One year for Christmas, I asked everybody to send me cookbooks or put together their favorite recipes and I started cooking by trial and error. Still, to this day, I consult my mother a lot about general things you’d think at thirty-two years of age, I should be able to do but I can’t.
My dad is Romanian and his mom, my grandma passed away right after I got married. She would cook all these Romanian dishes but she never had a recipe. It was just throw this together, add this, add this and that would basically make the meal. I spent the whole day with my dad trying to learn how to cook some of these dishes because he had been teaching himself. I think that was my favorite memory, spending time with my dad picking up some of my heritage. I have two traditional dishes that he taught me that I’ve almost perfected.
The first is chicken paprikash which is basically chicken and noodles but you make the noodles from scratch with egg, flour, salt and water. You take a whole chicken, like the ones you buy at the grocery store for $3 or $4, cut it up into pieces, and saute it in a pan with carrots and onions. Romania is a very poor country so it’s just simple ingredients, very cheap but it’s really good.
Then the other one is cabbage roll. Again it’s inexpensive. You use ground pork and it’s cooked with white rice, some spices, and paprika. Paprika’s in every Romanian dish. It’s a staple you must have in your kitchen. Basically you take the meat and rice mixture and you wrap it in cabbage and it’s in a tomato-based broth. I had quite a few times when I was trying to recreate this dish that I would have my parents over to eat with us and my dad would be,
“mmm, needs more of this ….” or “mmm … not quite right”
So it did take me a while but I think I’ve got it now.

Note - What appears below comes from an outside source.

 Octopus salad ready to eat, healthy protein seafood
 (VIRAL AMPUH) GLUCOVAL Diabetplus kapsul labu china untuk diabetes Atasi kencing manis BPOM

I will be honest, I’m still not a great cook but I can get around the kitchen. I haven’t poisoned anyone and my son is a pretty healthy seven-year-old weighing all but seventy pounds. I don’t think he’s any worse for the wear. He does eat a lot of frozen chicken tenders and Kraft macaroni cheese 🙂
The Divorce Coach Says
Chicken Paprikash and Cabbage Rolls sound like soul food to me and I think it’s natural that when you learn to cook, you look to dishes from your heritage. My mum worked when I was going to school and so it was my job to cook dinner. She’d prepare everything the night before and leave me with detailed instructions covering what temperature to set the oven at and when to light, when to start cooking the potatoes and the vegetables and so on.
We also had to do a cooking class at school so I did learn to cook. My kids however … mmm … I definitely have some work to do there.
Who did/does the cooking in your house – is it you or your spouse? Did you learn to cook before you were married? How did you learn? Is there a recipe book or website you’d recommend?